Use case: RHEV-M is in location A. Hosts are in locations B and C, part of same RHEV DataCenter (and cluster). Storage - replicated (by manufacturer) in both locations. Location B experiences Power Outage, the host becomes non-responsive and VMs are in "Unknown" status on RHEV-M. Till manual intervention and confirmation the host was rebooted, VMs are stuck and cannot be used by the end user. Request: detect power outage automatically and perform "manual fence" programmatically, so that the VMs will be "released" to be able to start in location C. Suggested algorithm: 1) After a number of failed fence attempts (TBD - what is this number, also should be configurable), decide the host is down and perform "manual fence" command from RHEV-M. 2) Use sanlock to lock each volume for extra protection, in case the host is not down and VMs are still running on it.

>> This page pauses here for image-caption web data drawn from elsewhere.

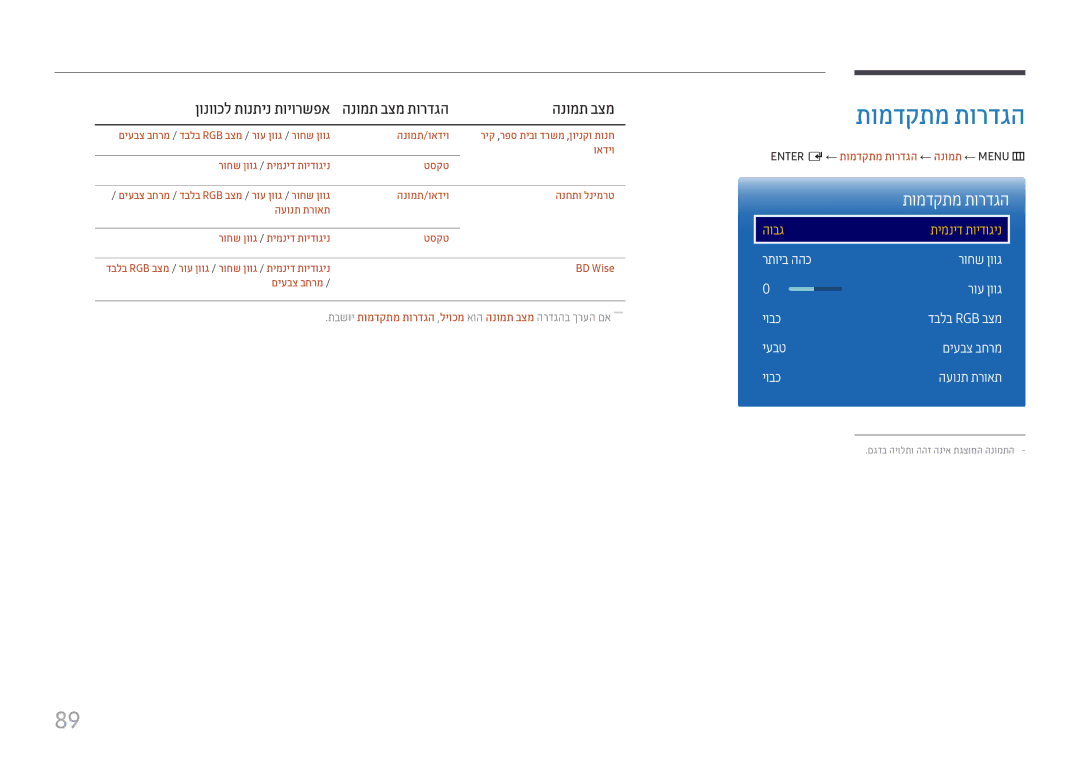 Samsung LH22DBDPTGC/CH, LH22DBDPTGC/EN manual תבשוי תומדקתמ תורדגה ,ליוכמ אוה הנומת בצמ הרדגהב ךרעה םא―― 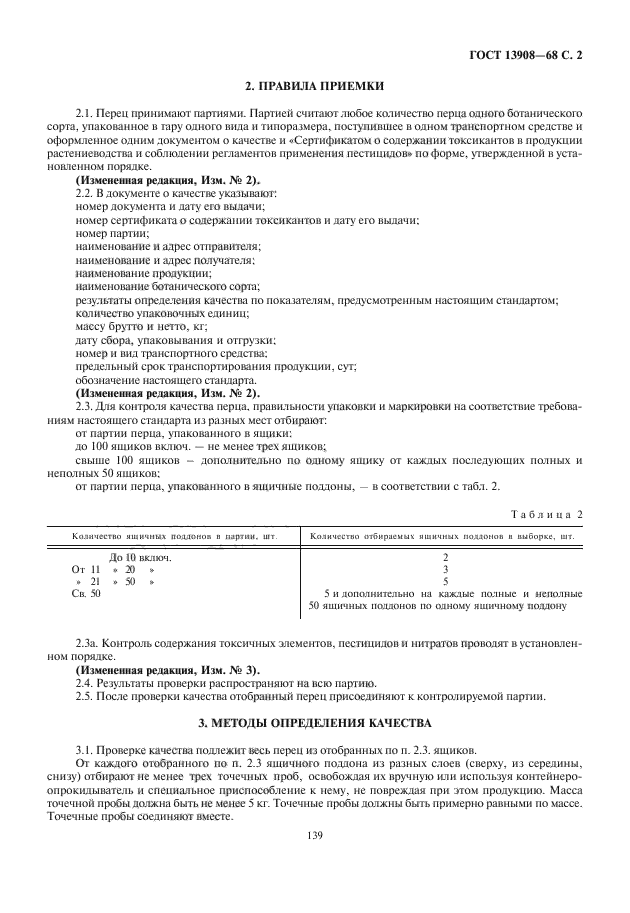 Показатели качества сладкого перца.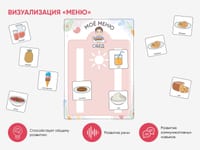 Карточки ПЭКС: визуализация «Меню» — фото 2
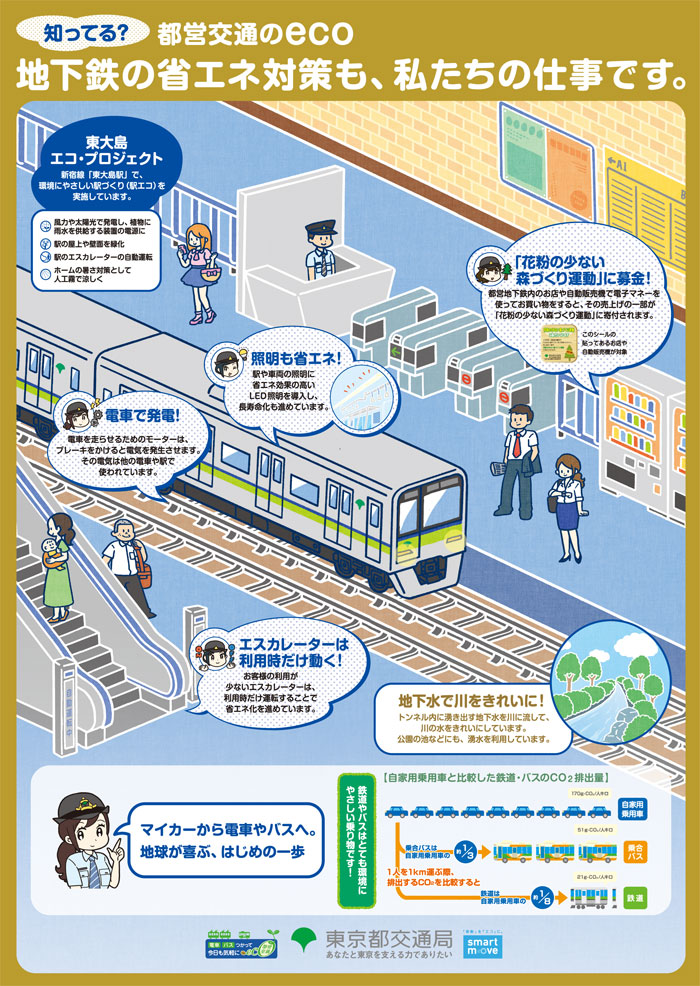 都営地下鉄の省エネ対策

Is the subject line correct "Implement an automatic way to detect the host is powered down and remove the need in Manual Fencing " The only way we can validate if a host is down is through power management - which validates that it's really dead. If this is the requirement then we need to close the RFE. But if we want to implement fencing through storage and/or sanlock then it's a different matter. Marina - is the latter the case. Sean, do we have an open RFE for sanlock based fencing?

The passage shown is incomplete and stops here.